ДСТ — «Дневники Софьи Андреевны Толстой. 1861—1891», изд. Сабашниковых, М. 1928.
ПС — «Переписка Л. Н. Толстого с H. Н. Страховым», изд. Общества Толстовского музея, СПБ. 1914.
ПТ — «Переписка Л. Н. Толстого с гр. А. А. Толстой», изд. Общества Толстовского музея, СПБ. 1911.
ТГ — «Л. Н. Толстой и H. Н. Ге. Переписка», изд. «Academia», М.—Л. 1930.
ТЕ 1911, 1912, 1913 — «Толстовский ежегодник» 1911, 1912 и 1913 годов.
ТПТ — «Толстой. Памятники творчества и жизни», 3, М. 1923.

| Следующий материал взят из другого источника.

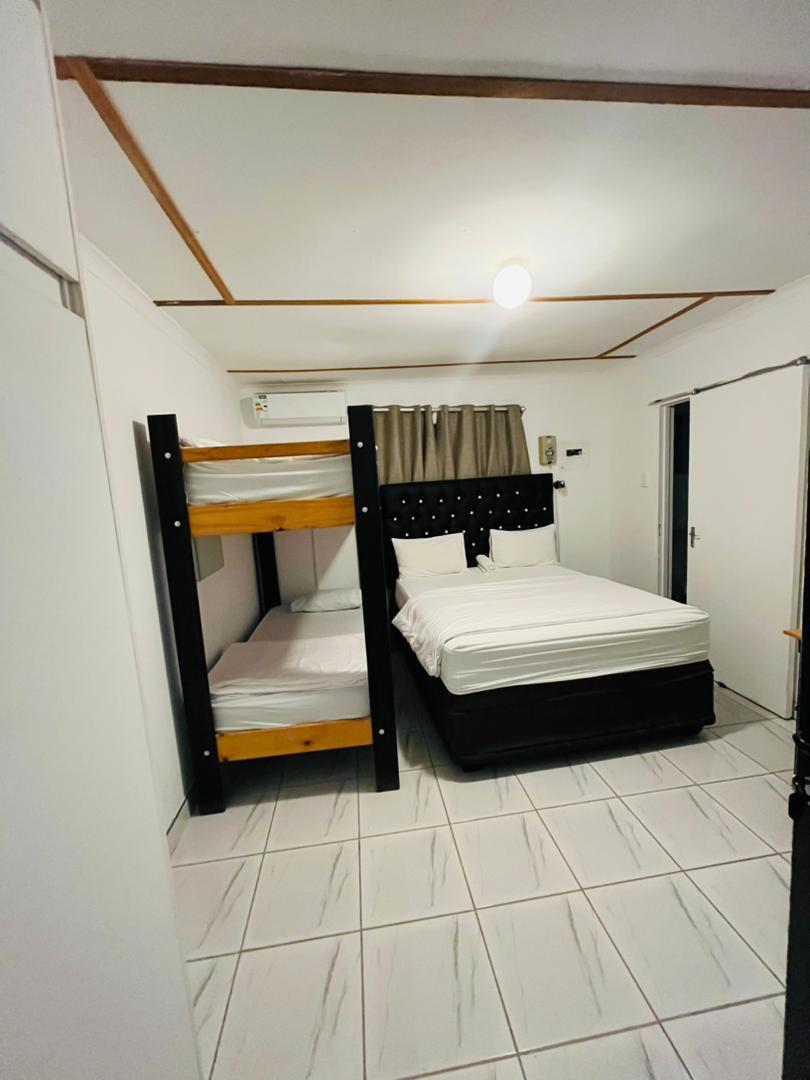 Family Room at Tse Yaa Kuku with double bed and bunk beds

TT 1, 2, 3—«Толстой и о Толстом. Новые материалы»: вып. 1 — М. 1924, вып. 2 — М. 1926, вып. 3 — М. 1927.
«ТОЛСТОЙ НА ПАШНЕ»
1889 г.
Скульптура работы К. А. Клодта
ДНЕВНИКИ
1888—1889
С 23 НОЯБ. 88 ПО 31 ИЮЛ. 89
[1888]
23 Ноября 1888. Москва.
На днях была девушка, спрашивая (такой знакомый фальшивый вопрос!), — что мне делать, чтоб быть полезной? И, разговорившись с ней, я сам себе уяснил: великое горе, от к[оторого] страдают милионы, это не столько то, что люди живут дурно, а то, что люди живут не по совести, не по своей совести. Люди возьмут себе за совесть чью-нибудь другую, высшую против своей, совесть (н[а]п[ример] Христову — самое обыкновенное) и очевидно не в силах будучи жить по чужой совести, живут не по ней и не по своей, и живут без совести. Я барышню эту убеждал, чтобы она жила не по моей, чего она хотела, а по своей совести. А она, бедняжка, и не знает, есть ли у нее какая-нибудь своя совесть. Это великое зло. И самое нужное людям это выработать, выяснить себе свою совесть, а потом и жить по ней, а не так, как все — выбрать себе за совесть совсем чужую, недоступную и потом жить без совести и лгать, лгать, лгать, чтобы иметь вид живущего по избранной чужой совести. Потому-то я, истинно, предпочитаю кутилу весельчака, нерассуждающего и отталкивающего всякие рассуждения, умствовател[ю], живущему по чужой совести, т. е. без нее. У первого может выработаться совесть, у второго никогда, до тех пор пока не вернется к состоянию первого.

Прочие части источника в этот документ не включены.